We've had some reports of weird performance with our vector class (which is basically a thin binding to glm::vec3
). See the following example:
vec3 v;
vec3 p(0.1f, 0.1f, 0.1f);
for (int i = 0; i < 100000; i++) {
// Slowest: (15.0 - 15.4)
// v += vec3(0.1f, 0.1f, 0.1f);
// Faster: (7.9 - 8.1)
// v.Add(0.1f, 0.1f, 0.1f);
// Faster: (5.7 - 5.9)
// v += p;
// Fastest: (4.5 - 4.7)
v.x += 0.1f;
v.y += 0.1f;
v.z += 0.1f;
}
I've commented the operations from slow to fast. It makes sense for the first one to be the slowest, because it has to construct a vec3
object before passing it to opAddAssign
.
For testing, I've added an Add
method that just takes 3 floats, which is slightly faster.
Passing an existing vec3
object to opAddAssign
is a bit faster than that (because it only has to put 1 value on the stack instead of 3, is my guess?)

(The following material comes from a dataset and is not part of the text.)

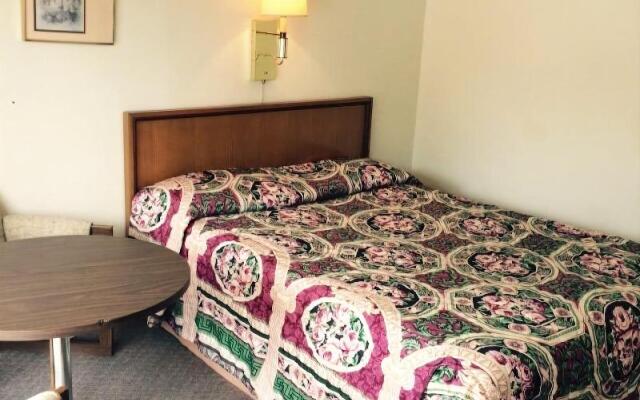 Town N Country Motor Inn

And then finally, manually inlining the code is the fastest. This is somewhat surprising to me, because I would've thought that 1 call into native code would be faster than 3 lines of script.
Do you have any idea what is going on here? Is there anything that could potentially make this faster in our bindings?

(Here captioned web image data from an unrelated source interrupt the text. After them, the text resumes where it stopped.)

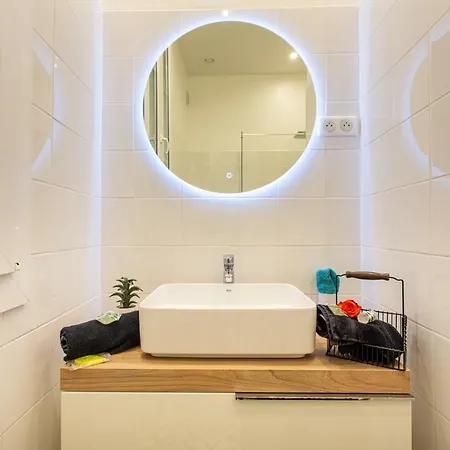 St Vincent - 3 Bedrooms, Magnificent,vaste, Sunny, A/c, Wifi Νίκαια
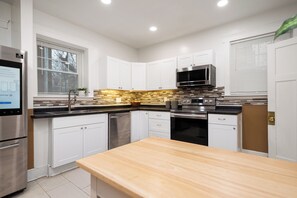 ثلاجة، ميكروويف، فرن، موقد طهي مسطح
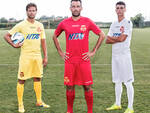 Le tre divise ufficiali della squadra: rossa, gialla e bianca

If this is expected and intentional, would it make sense to have some kind of inlining optimization? I found a thread from 2014 about script function inlining ( https://gamedev.net/forums/topic/661308-function-method-inlining/ ), but it sounds like a difficult problem to solve.
For some extra info about our bindings, we use the following flags to register vec3
: (I know we should probably be using asOBJ_APP_CLASS_ALLFLOATS
but this doesn't seem to make a difference on Windows)
asOBJ_VALUE | asOBJ_POD | asOBJ_APP_CLASS_CDK | asGetTypeTraits<glm::vec3>()
And the following binding for opAddAssign
: (this is using a helper class to call asIScriptEngine
methods but there should be nothing surprising in the implementation of the helper class)
regVec3.Method("vec3 &opAddAssign(const vec3 &in)", asMETHODPR(glm::vec3, operator+=, (const glm::vec3&), glm::vec3&), asCALL_THISCALL);